Sprod is published in Nature Methods: https://www.nature.com/articles/s41592-022-01560-w.

Graphical abstract

Installation

We strongly recommend using conda to manage the installation of all dependencies. To do this, simply run:

conda create --name sprod
conda activate sprod
# conda config --add channels conda-forge ##If you do not have this channel added before#
conda install r-base=4.0 r-optparse r-distances r-dplyr r-gtools r-mvtnorm r-ggplot2 r-umap
conda install python=3.7 pandas scikit-image=0.17 numpy scipy scikit-learn umap-learn

Then, download this repo and install it.

git clone [repo_path]
cd [path/to/sprod]
pip install .

The total installation time is around 10 mintunes. If error occuors, please upgrade pip and try again.

Note:

In a rare scenario where: 1) Sprod is executed under a HPC or cloud environment; and 2) you are using a shared R installation; and 3) you do not have write access to the shared R path; and 4) you have never installed any packages using the shared 'R', you will need to run R in interactive mode and install the R package 'dirichletprocess' manually.

Test installation

We have included a simple testing script test_examples.py to test the environment and installation. It is based on the toy example dataset included in this repo. Please note that the example data in this repo is only for the purpose of testing installation.

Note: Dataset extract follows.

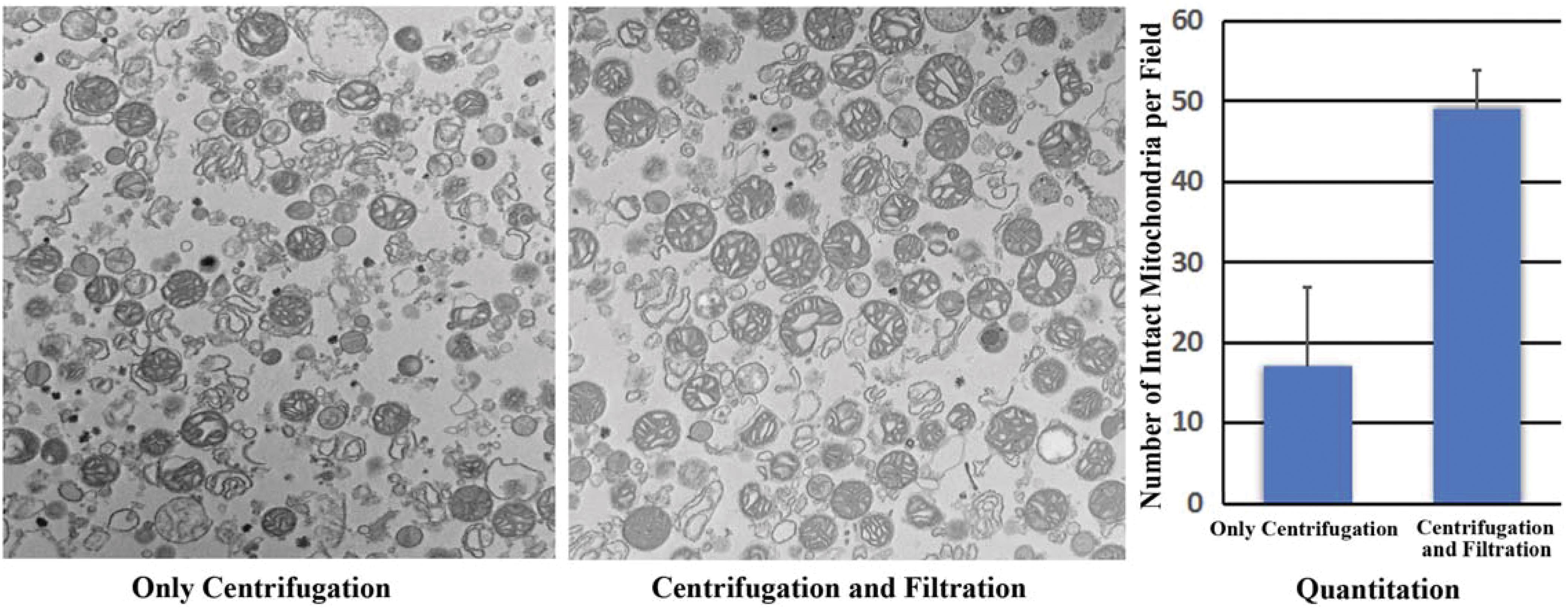 Quantitative effects of filtration on purity of mitochondrial preparation purity.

Three tests were included in this testing script covering different use cases.

single_with_img is for use cases where a small dataset with matching tif image is present. The data is processed in one run.

batch_with_img is for use cases where a big dataset with matching tif image is present. The data is processed in small subsampled runs.

single_pseudoimage is for use cases where matching image is not avalable. The pseudoimage approach is taken,

After installation, run the following code and the processing should conclude in a few minutes.

python [path/to/sprod/]test_examples.py

If everything goes well, you should see outputs similar to the following:

Removing previous testing results...Done!
Testing Sprod in single mode
Sprod test single mode succeeded!
...
Testing Sprod in batch mode
Sprod test batch mode succeeded!
...
Testing Sprod in single, pseudoimage mode
Sprod test single pseudoimage mode succeeded!

Usage

Quick start

Once the input data have been processed into the supported format, the full sprod workflow can be run by calling the sprod.py script. Sprod will first try to locate a single .tif image file in the input path. If one is found, sprod will assume it is the matching image and extract features from the image. If sprod cannot find an image, it will perform soft clustering on the spots and use the clustering probabilities as the input features for the denoising model.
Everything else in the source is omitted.